Foundering on a syntactic puzzle

Thanks, Glen, for the introduction. And now, I'll get right to some linguistic stuff.

In a recent post on LanguageLog, Geoff Pullum spoke of “founder[ing] on [a] semantic puzzle”. I’ve known this feeling when it comes to syntax, and particularly in song lyrics. I’ve always had a tendency (which I’ve gradually learned is not a normal one) to take things literally, and end up chuckling over lines like this one:

(1) Your prison is walking through this world all alone. (“Desperado,” by the Eagles)

But one song lyric in particular had me foundering on a syntactic puzzle. Back in high school, I’d hear this line from the Police on the radio:

(2) I resolve to call her up a thousand times a day… (“Every Little Thing She Does is Magic”)

And I’d wonder: Which is it? Does he make a resolution a thousand times a day? Or does he make one resolution, namely, that he will call her up a thousand times a day? Well, gosh, she’d get pretty annoyed if he called a thousand times a day, so it’s probably the resolving that he does a thousand times a day. Yeah, that’s probably it. But even after making my determination, the next time I’d hear the song, I’d go through the train of thought all over again. It was weeks before I was able to hear how the rest of the verse went, because about 5 seconds would always have elapsed before I turned my attention back to the song. (It goes, “ask her if she’ll marry me,” something something something). Much later I learned that there was a name for this kind of situation: an attachment ambiguity. Does “a thousand times a day” attach to the lower verb phrase “call her up”, or to the larger verb phrase “resolve to call her up”?

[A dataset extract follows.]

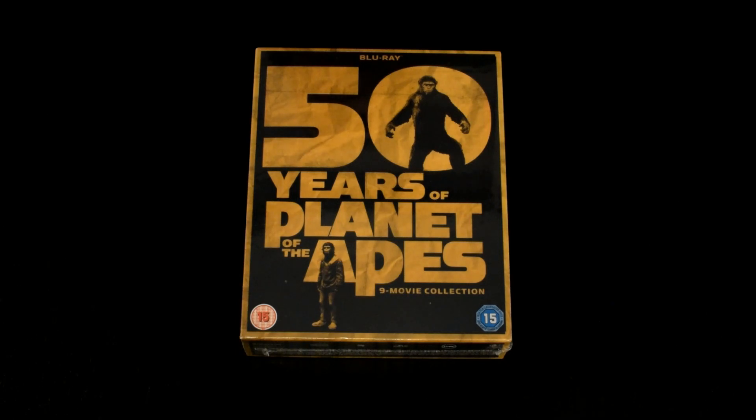Okay, hi guys, here we are for another unboxing on my channel Blu-ray Ben. We're going to do the unboxing for the 50 year celebration of Planet of the Apes. This comes with all nine movies, starting with Planet of the Apes 1968 version starring Charlton Heston.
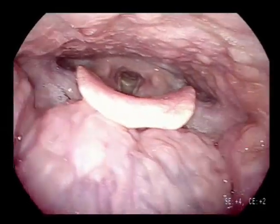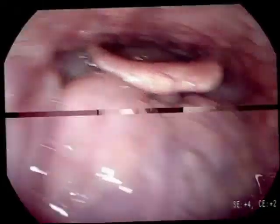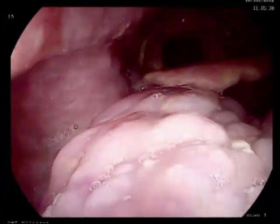When examining the oropharynx, move the endoscope from left to right and let the patient stick out the tongue to adequately visualize the vallecula.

BTW, for those who think the “call her up a thousand times” scenario is so outlandish that no one could possibly think that was what Sting meant, that was exactly what my sister thought he meant until I opened her eyes to the more likely meaning!


Randomking said...

Well I know Im 3 years late to reply and I dont know if anyone will ever read this... But OF COURSE he means he resolves a thousand times a day. Thats what the whole ending of the song is about... his indecisiveness. Thats also why the break after "I resolve to call her up" then allows "a thousand times a day" to apply to that ENTIRE phrase anyway. And yeah, Id be pretty pissed if someone called me a thousand times a day too.

Anonymous said...

Well, I'm even later, but it's worth noting that the next lines contain a similar syntactic puzzle:

"And ask her if she'll marry me
In some old-fashioned way."

Now, does that mean Sting wants an old-fashioned wedding, or that his proposal will be phrased in Olde English ("Prithee, dearest heart...")

Anonymous said...

Grant: Good points, but 1) the pause could still allow the unintended reading; and 2) it didn't matter that I'd figured it out; I'd still get stuck on that line the next time.

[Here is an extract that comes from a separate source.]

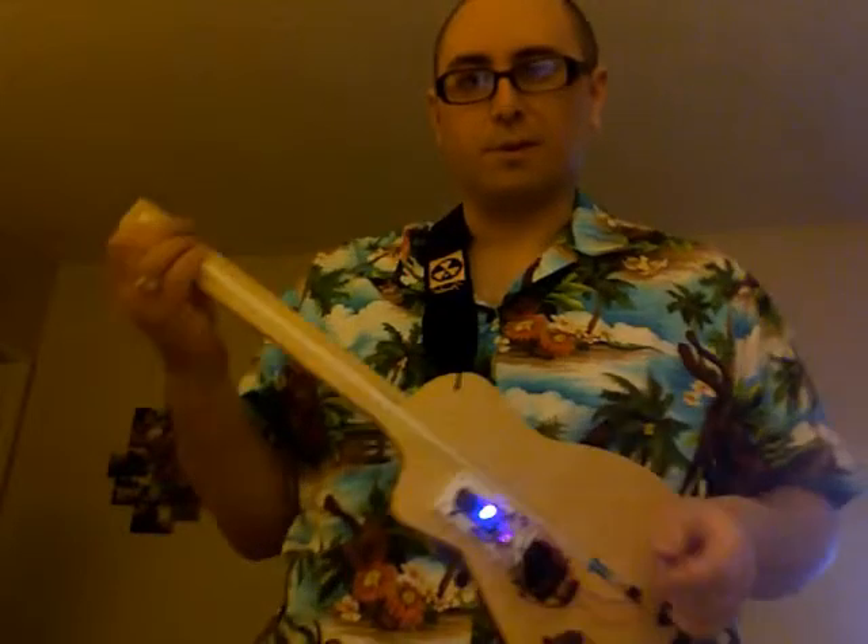So as before, you select your chord by just running your finger up and down this touch sensor here, and then you trigger the chord by moving your hand close to this optical proximity sensor.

BDS: Hey, you're right: in some old-fashioned way could attach low, to marry me, or high, to the entire ask her... phrase. For that matter, it could attach even higher, to call..., so that he's resolving that he will call in an old-fashioned way (perhaps in person, with a calling card) to ask if she'll marry him. Or it could attach to the highest verb of all, resolve, such that he resolves X in an old-fashioned way (perhaps by uttering, "Be it resolved"), where X = call her up 1000x/day and ask if she'll marry him, with all the ambiguities for X already noted. This multiplication of ambiguities into parses that even the ambiguity-aware don't think of has historically been one of the problems of machine translation.

For more fun with ambiguous song lyrics, check out the tab with that name on my "Literal-Minded" blog, on Glen's blogroll.

Anonymous said...

Wow, I feel like a walkin' talkin' idiot. I would have sworn that Sting meant to call the girl every 86.4 seconds and ask, "will you marry me in some old fashion way?" It never occurred to me that there might be another meaning here. Perhaps this is why I always had such rotten luck with girls in high school.